Statistics are vital to understanding or planning the release of a game, but we regularly see them terribly abused for the purposes of an attention-grabbing headline, or perhaps simply misunderstood.

The most common one in our industry at the moment is ‘Games industry sales continue to slide’ or similar.

Is that true? There is strong evidence to suggest otherwise, but the trouble is we don’t really know. If they were to say ‘New boxed retail game sales continue to be eroded by the rise of online and pre-owned sales’ it might be more accurate, or even ‘New game sales at retail continue to slide’ – but they don’t sound sufficiently apocalyptic, and don’t roll off the tongue.

Most of the articles I have seen do go on to make the distinction about retail sales in the text, but it is the headlines that get remembered; that get regurgitated by those outside our industry.

COMMON GROUND

The real problem is that there isn’t a common reliable source of industry statistics that covers all the relevant sectors. We have NPD, but that only covers a small subset of US retailers. Not including Walmart and other mainstream retailers tends to bias their figures towards ‘core’ games.

They make an allowance for retailers like Walmart, but from my experience there is a significant discrepancy between their figures and the actual sales for broad games like RollerCoaster Tycoon and Thrillville, where a great many of the sales of such games are in retailers like Walmart, so the actual sales are much higher.

We have the excellent VGChartz.com, but again that only currently has figures for retail sales, so it is quite hard to refute the bold headlines with hard industry-wide sales figures.

EA have made bold statements, including that over half of their revenues now come from online, but we are still left with a mix of speculation and anecdote for the rate of growth of our industry.

As always there is a devil in the detail.
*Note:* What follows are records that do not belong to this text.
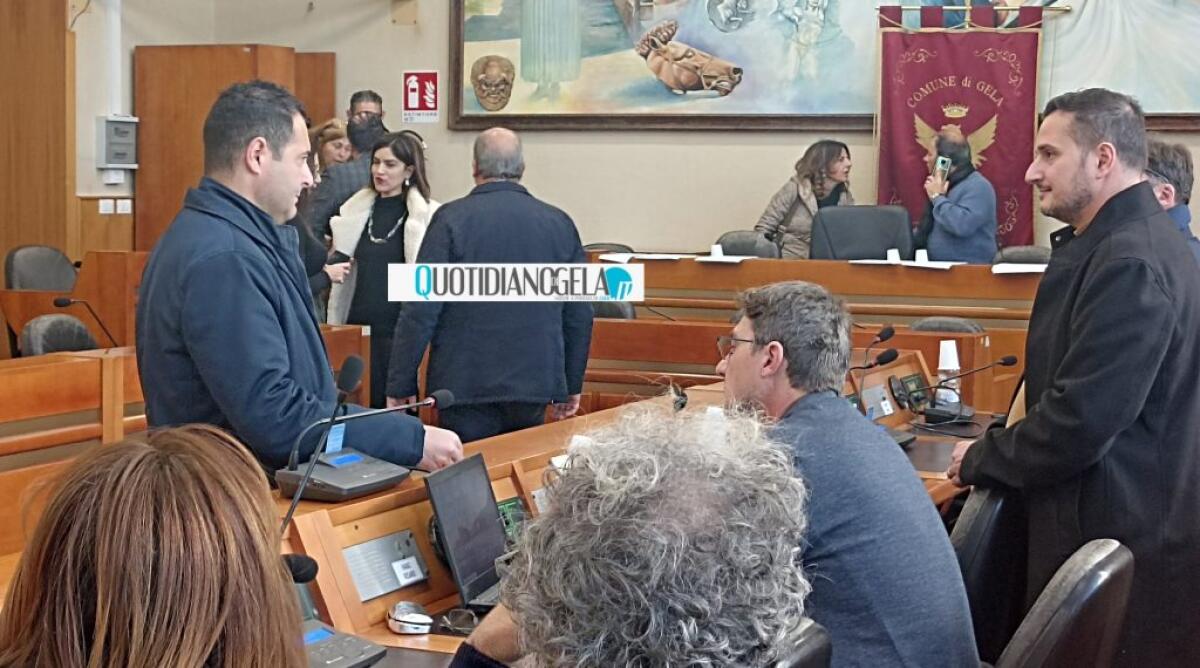 Assessori e dirigenti allo stesso tavolo, bilancio decisivo: sindaco spinge sulle priorità - Il sindaco in consiglio comunale insieme a esponenti di maggioranza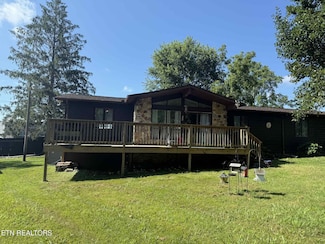 135 Duncan Ln, Oneida, TN 37841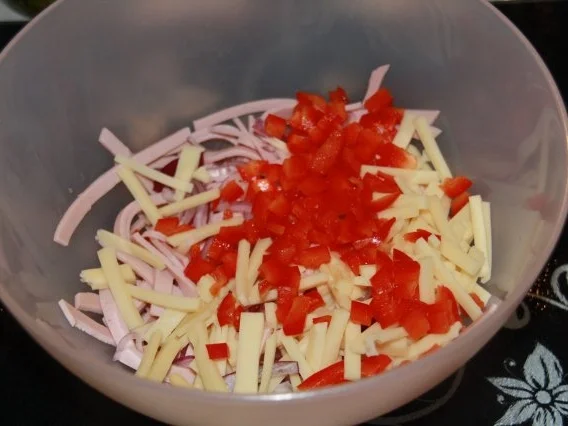 Wurstsalat mit Käse - Rezept - Bild Nr. 4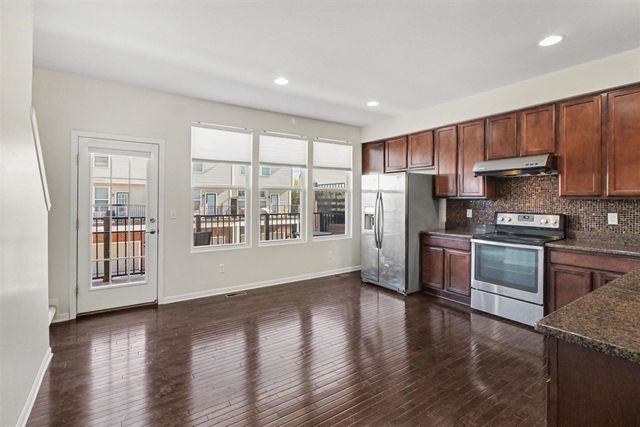 27898 Hopkins Drive, Novi, MI 48377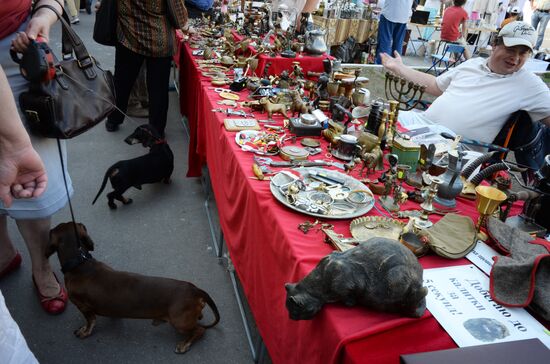 Jumble market at Museum of Moscow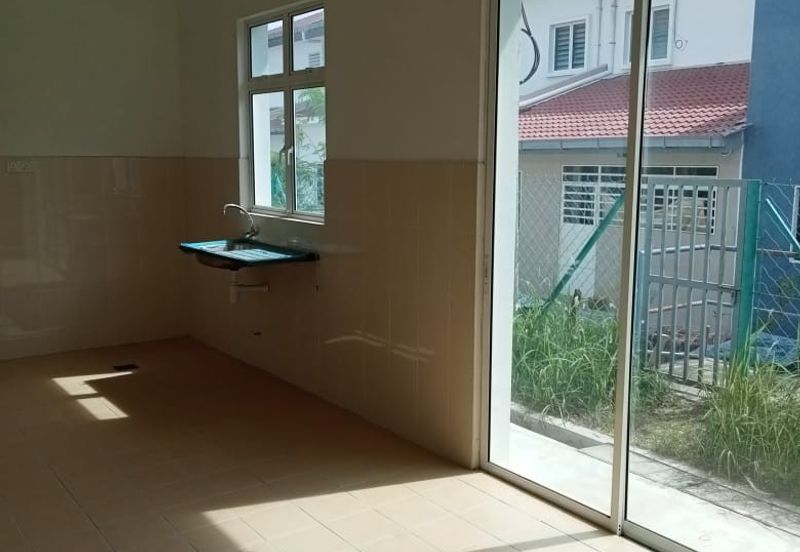 IMPIANA VILLA @TAMAN TUANKU JAAFAR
From all available figures (including NPD), sales of PS3 and 360 console hardware units have been steady, if not increasing. Wii sales have fallen dramatically, but then sales of the iPad have more than made up for this.

Don’t get me wrong – I think the two events are largely coincidental, with the Wii reaching the end of its natural life as people buy HDTVs.

Most cumulative figures show sales of new shrink-wrapped games at retail are down by about 10 per cent from last year.

Using US figures from NPD, that’s down to around $400m.

Now iOS sales alone are reported to have been over $2bn worldwide in the last year, of which about 20 per cent are games (from Tech Crunch), or about $400m. Let’s conservatively assume only half of those are in the US, but that figure alone swamps the 10 per cent decay in retail sales.

ONLINE SALES

That is without allowing for PSN, Xbox Live, Steam, and the reportedly huge claims for web-based games through Facebook. And remember that online sales are generally more valuable as more of that money goes to the developers and publishers.

I’m not going to put a figure on what I think the growth is, as that is likely to be just as inaccurate as the headlines I started this piece by criticising. But I will say there is strong evidence our industry is continuing to grow.

Nevertheless, we do need to have centralised statistics as this is a huge help to planning and forecasting for us all. Hopefully NPD or VGChartz will do so.

Or maybe someone else is already on the case. Our industry has not stopped changing since I have been a part of it – for a shocking 29 years – and now is no different.